After a decade of development, the Vaca Muerta is responsible for 69% of Argentina’s oil production and 65% of the country's natural gas output. With less than a tenth of the formation under development, there is tremendous production growth ahead. By the end of the decade, Argentina’s crude oil output is expected to hit at least 1 million barrels per day, with some analysts forecasting 1.5 million barrels per day by 2030. This is a massive increase over the 787,395 barrels per day lifted for the first 11 months of 2025. Natural gas output is expected to surpass 6 billion cubic feet per day by 2030, driven by the Vaca Muerta’s rising shale gas production.

It is national oil company YPF and its unconventional hydrocarbon acreage in the Vaca Muerta that will be responsible for most of the expansion of Argentina’s hydrocarbon output. The integrated energy major, which was nationalized by President Cristina Fernández de Kirchner in April 2012, holds the most acreage in the Vaca Muerta, controlling 2.9 million gross acres. YPF, after being the first energy company to start developing conventional energy assets in the Vaca Muerta, is the largest shale oil and gas producer in the formation. This first-mover status is delivering a tremendous windfall for the energy company.

During November 2025, YPF lifted 397,420 barrels of crude oil and 936 million cubic feet of natural gas per day. This amounts to 47% and 22% respectively of Argentina’s total oil and gas production respectively, making the national oil company the country’s largest hydrocarbon producer. For the same period, YPF lifted 315,937 barrels of shale oil and 725,716 million cubic feet of natural gas per day. This represents 79.5% and 77.5%, respectively, of the energy company’s oil and natural gas production for November 2025.
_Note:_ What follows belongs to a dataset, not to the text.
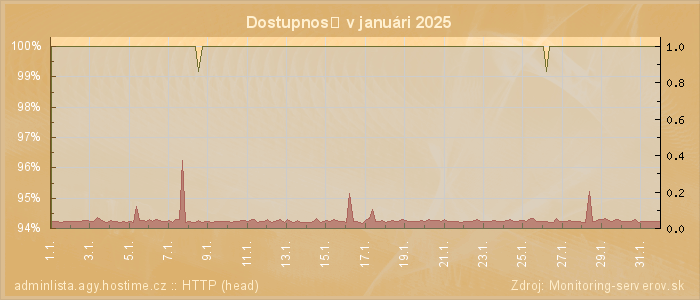 Graf dostupnosti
YPF is focused on developing the Vaca Muerta with plans to become a pure shale oil and gas producer. The company plans to achieve this by divesting higher-cost mature conventional oilfields while investing tremendous sums of capital to develop its Vaca Muerta acreage. Between 2025 and 2030, YPF plans to invest $36 billion with annual capital expenditure peaking at $6.8 billion during 2029. This will give YPF’s reserves and production a solid lift. By the end of 2024, the energy company held just over 1 billion barrels of proven reserves, of which 78% or 854 million barrels are unconventional oil located in the Vaca Muerta. 
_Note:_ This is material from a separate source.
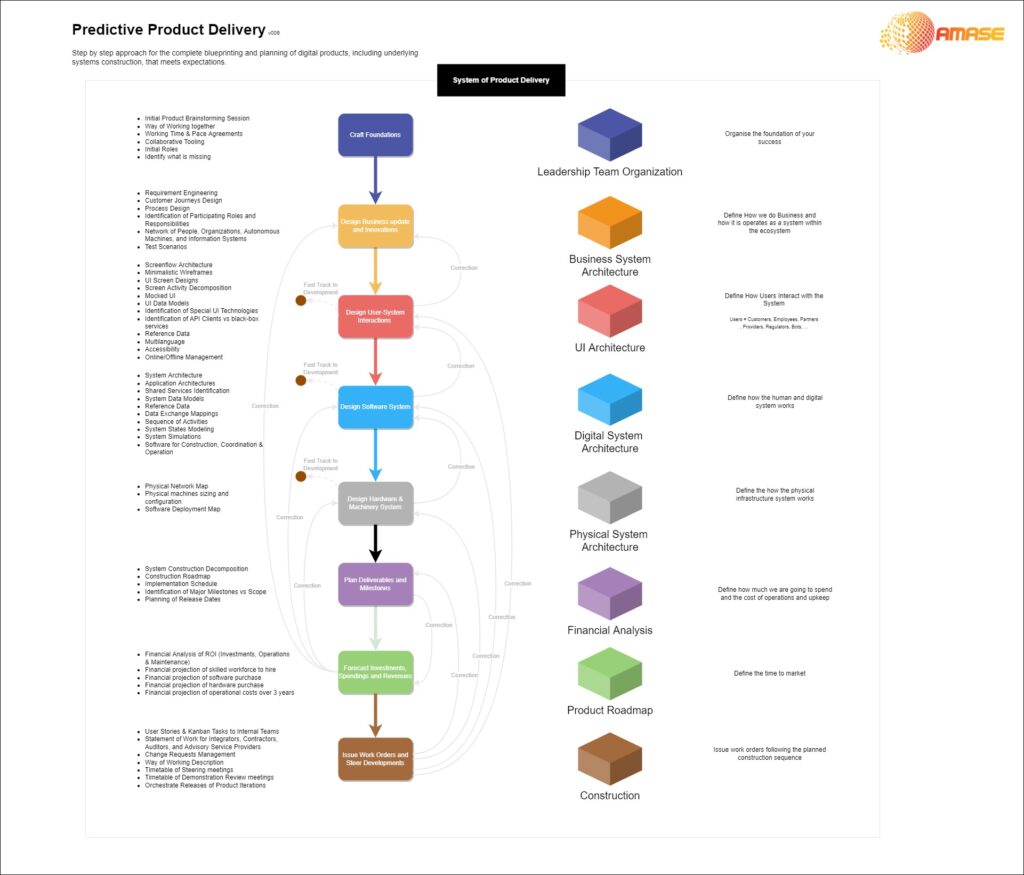 AMASE Architecture Predictive Product Delivery V006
YPF’s shale acreage is proving to be particularly profitable. For the third quarter of 2025, Argentina’s national oil company reported low lifting costs averaging $8.80 per barrel, with the company only spending $4.60 per barrel to lift oil from its Vaca Muerta acreage. Those numbers underscore just how profitable YPF’s upstream shale oil operations are, even in the current difficult operating environment impacted by weaker oil prices. CEO Horacio Marín believes YPF can sustain profitable operations even if prices drop to $40 or $45 per barrel. In an interview with Infobae, he stated: “We made ourselves resilient at less than $40 a barrel, and at $45 we can develop all of Vaca Muerta.”
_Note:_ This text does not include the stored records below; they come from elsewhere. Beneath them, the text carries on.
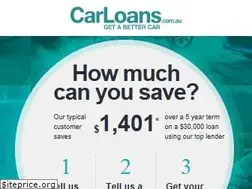 Sites similar to carloans.com.au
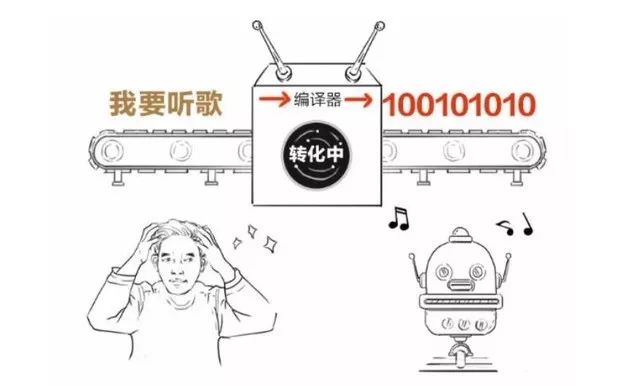 到底牛在哪？深挖方舟编译器/EROFS超级文件系统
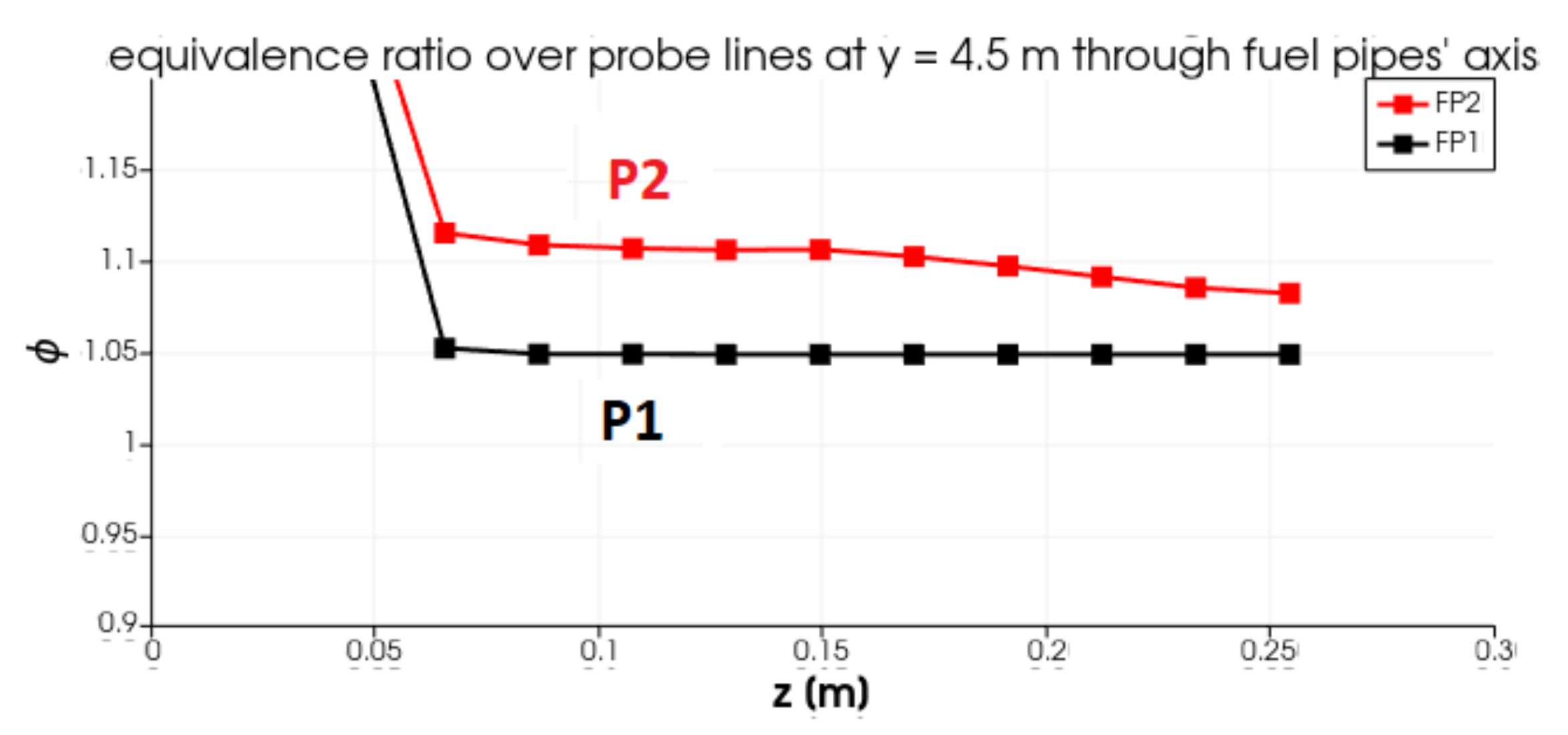 Fluids 07 00124 g007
It will be YPF which will be responsible for Argentina’s unconventional oil and gas production soaring higher. Forecasts vary, but analysts believe the country will be lifting 1 million to 1.5 million barrels per day by 2030, while natural gas output is expected to exceed 6 billion cubic feet per day. This will deliver a generous economic windfall for Argentina with the country emerging as a net energy exporter during 2024, a year when the economically crisis-riven country reported its largest energy surplus in nearly two decades.